Just because there are more outlets to dabble in does not mean it is always better. I have to fight the battle just like everyone else with extreme vigilance, especially with the frequency and ease of new products that continue to flood us.
The problem is that each new software, social media system or gadget requires attention. I only have so much. The more spread out I get in things that have marginal value, the less impact my work has for my clients.
Distractions can kill productivity. You have probably had those days where the time seemed to slip away from you and you wondered what actually got done. Sometimes it is hard to focus and know what to do. I wrote a post a while ago on this topic for what you can do when you don’t know what to do.
Here are some things I do to minimize distractions and drive towards what matters:
- Respect that distractions pull you. If you underestimate how distracting being plugged into the internet or connected on your iPhone might be, then there won’t be a focus and vigilance. It’s real. Your peripheral vision is pulled in multiple directions when there is multiple stimuli. Respect this fact first.

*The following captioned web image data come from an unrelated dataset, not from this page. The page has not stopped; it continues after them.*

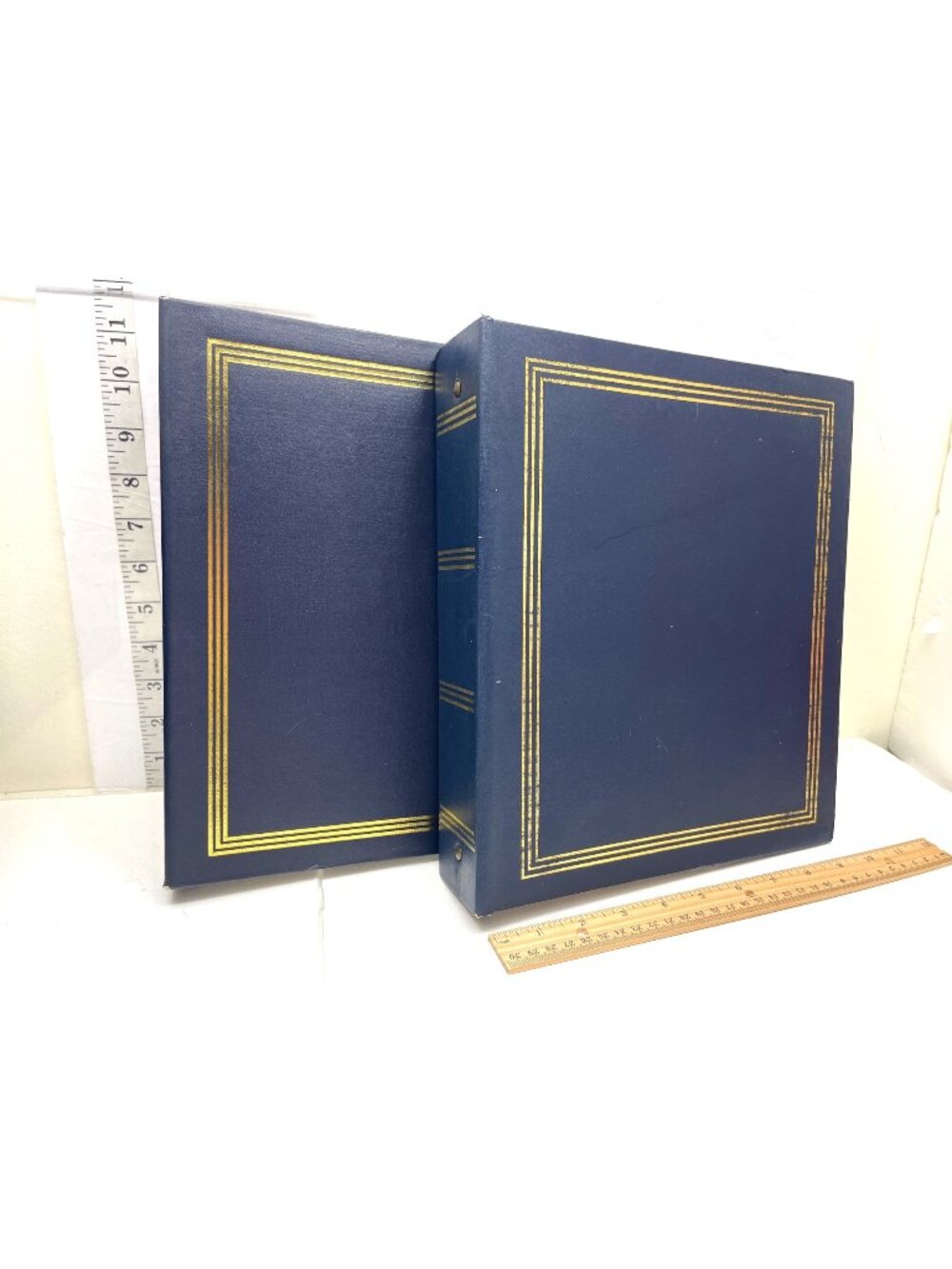 2- Navy Blue 3-Ring Binders With Gold Trim Durable And Stylish For Organization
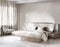 Watercolor of Modern and stylish bedroom in pale brown and grey tones with luxurious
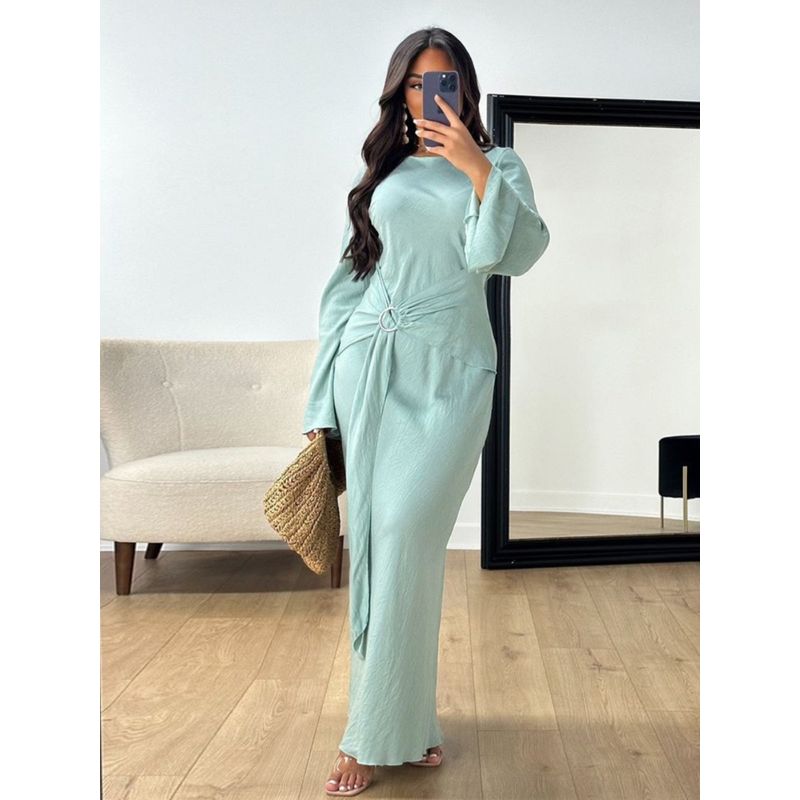 Spring & Fall Middle East Ethnic Clothes 2024 Elegance Bell Sleeve Work Clothing Robe Tight Waist Fishtail Dress Dresses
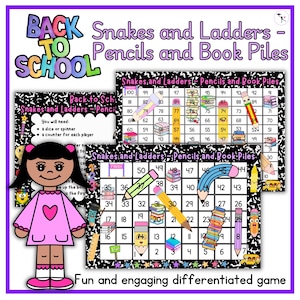 Educational Snakes and Ladders: Math and Social Skills Game for Kindergarten to 2nd Grade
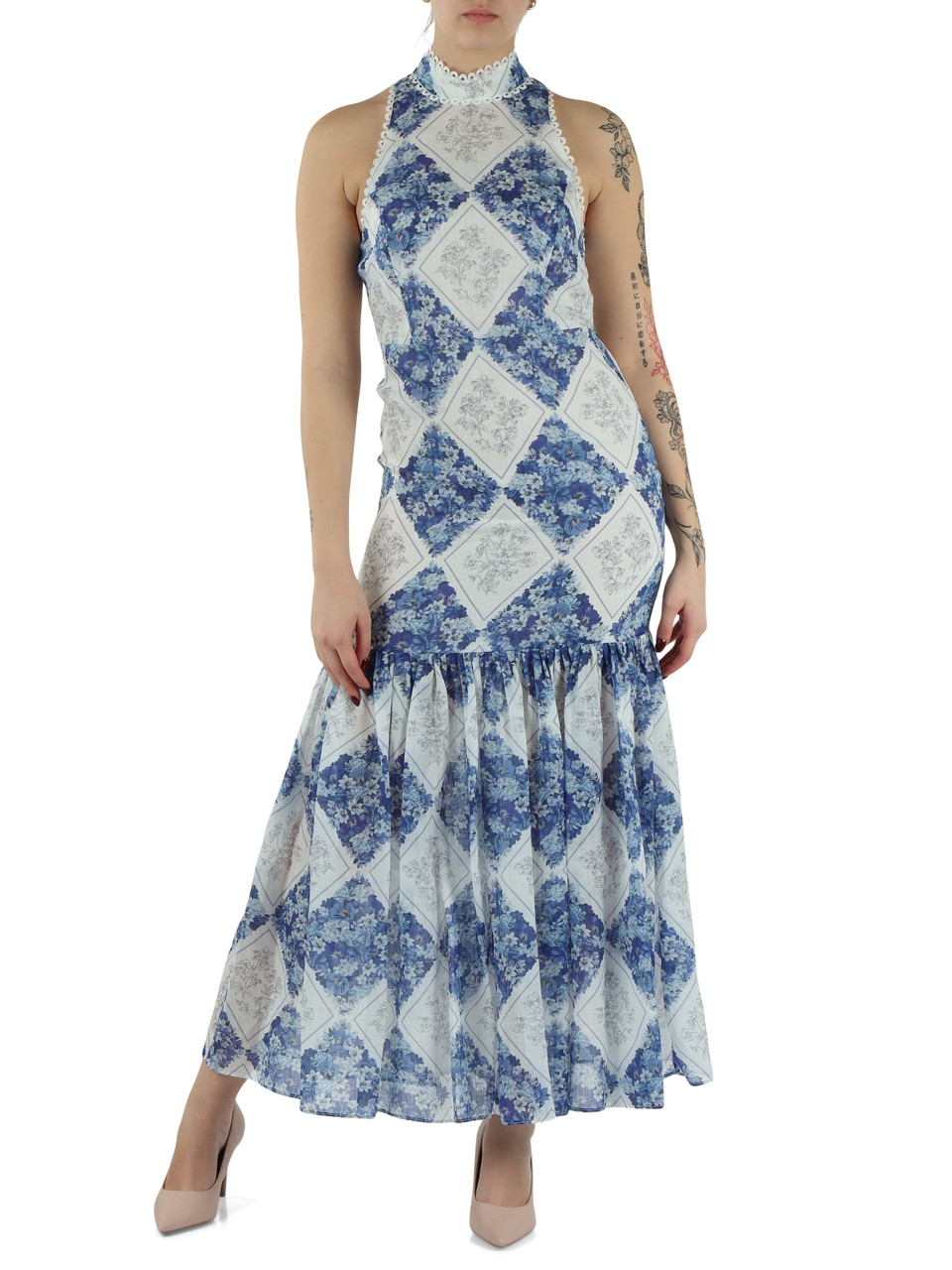 BIANCO | Abito lungo stampato in ramiè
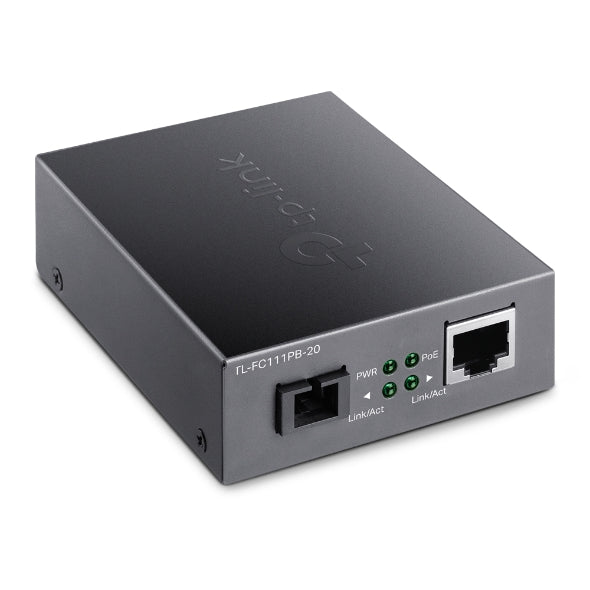 MEDIA CONVERTOR TP-LINK 10/100 Mbps WDM , 1× 100 Mbps cu POE 802.3af, SC Fiber Port, 1× 10/100 Mbps RJ45 Port (Auto MDI/MDIX), pana la 20km "FC111PB-20" (include timbru verde 1.75 lei)
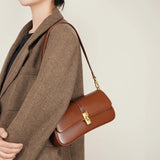 Cendian - Leather Baguette Shoulder Bag Gold Turn Lock Clasp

- Keep clean desktops. I like working at a completely clean desk. My Macs have zero files on the desktop. When I am writing, I try to keep one tab open. This keeps my mind from wandering or wanting to manage anything else.
- Turn off email. Email is someone else’s demand on your attention and time. You cannot control it. You can control your exposure. I like to turn it off when I am writing or working on systems. It allows me to get through the real work without interruption and get into a groove.
- Keep a short list. I am a highly goal-oriented person. Lists keep me focused. I like to use Basecamp to keep a short list of what I want to get done. This has the effect of keeping me laser focused on the goal of getting through tasks. If it’s not on the list, it does not matter. I am locked in.
These are a few things that help me out every day. There are times I need to explore and blow some time discovering. I think it is healthy and keeps me on the edge. However, a few things truly matter every day – writing, reading, leading, and communicating with clients. Distractions can destroy what is important.
If you applied focus in your life, what distractions could you marginalize?